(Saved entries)
::::

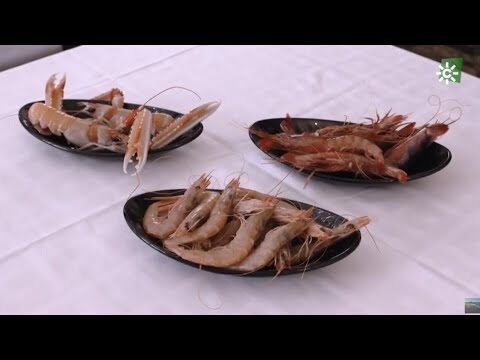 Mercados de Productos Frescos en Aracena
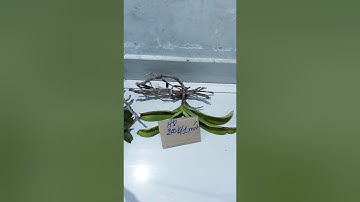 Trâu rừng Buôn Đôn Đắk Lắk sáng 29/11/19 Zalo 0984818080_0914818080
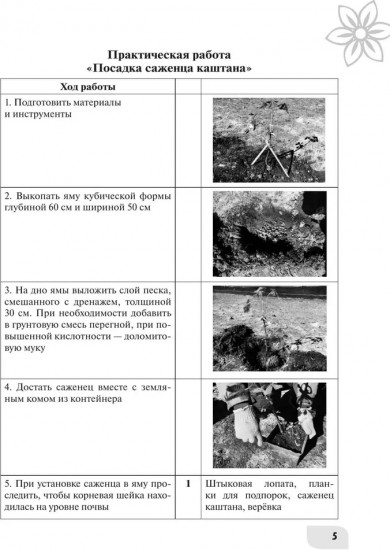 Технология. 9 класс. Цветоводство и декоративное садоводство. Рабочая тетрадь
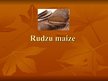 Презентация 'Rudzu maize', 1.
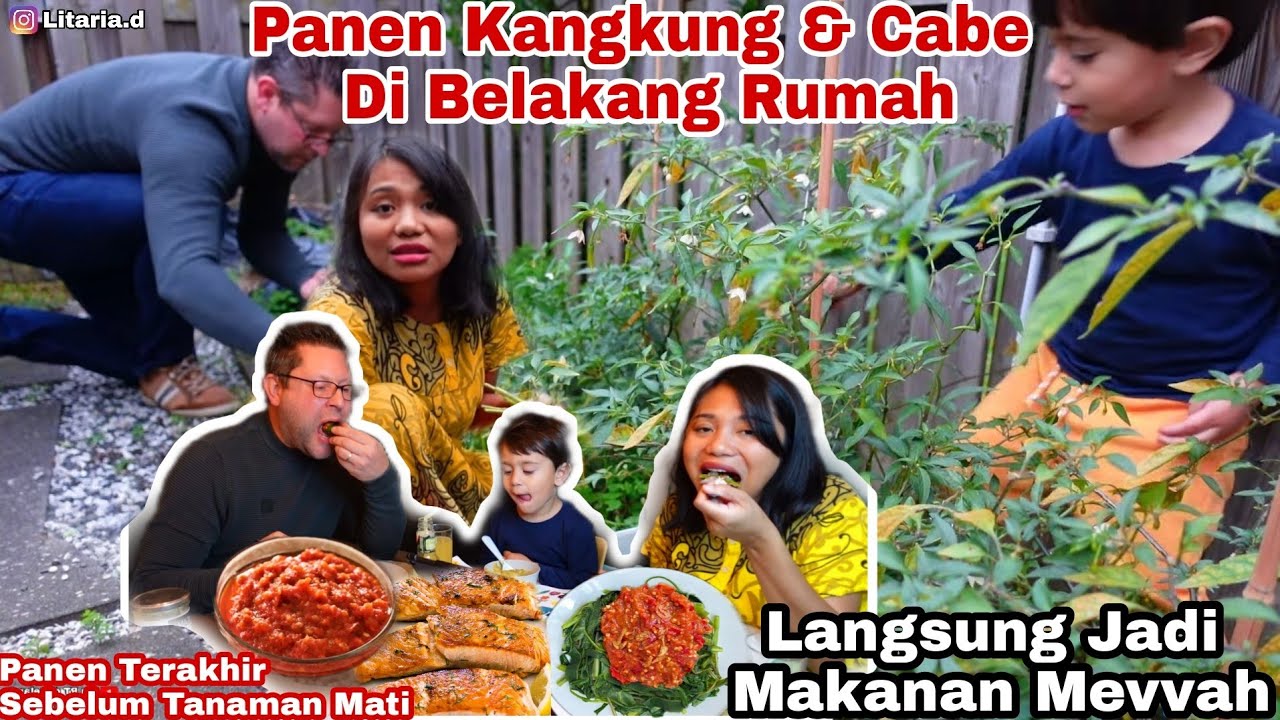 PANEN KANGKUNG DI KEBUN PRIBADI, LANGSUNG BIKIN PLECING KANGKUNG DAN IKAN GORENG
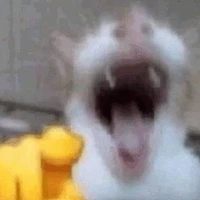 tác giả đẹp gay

::::

Print every line above once more, exactly. Omit the pictures.

Response area ::
 Mercados de Productos Frescos en Aracena
 Trâu rừng Buôn Đôn Đắk Lắk sáng 29/11/19 Zalo 0984818080_0914818080
 Технология. 9 класс. Цветоводство и декоративное садоводство. Рабочая тетрадь
 Презентация 'Rudzu maize', 1.
 PANEN KANGKUNG DI KEBUN PRIBADI, LANGSUNG BIKIN PLECING KANGKUNG DAN IKAN GORENG
 tác giả đẹp gay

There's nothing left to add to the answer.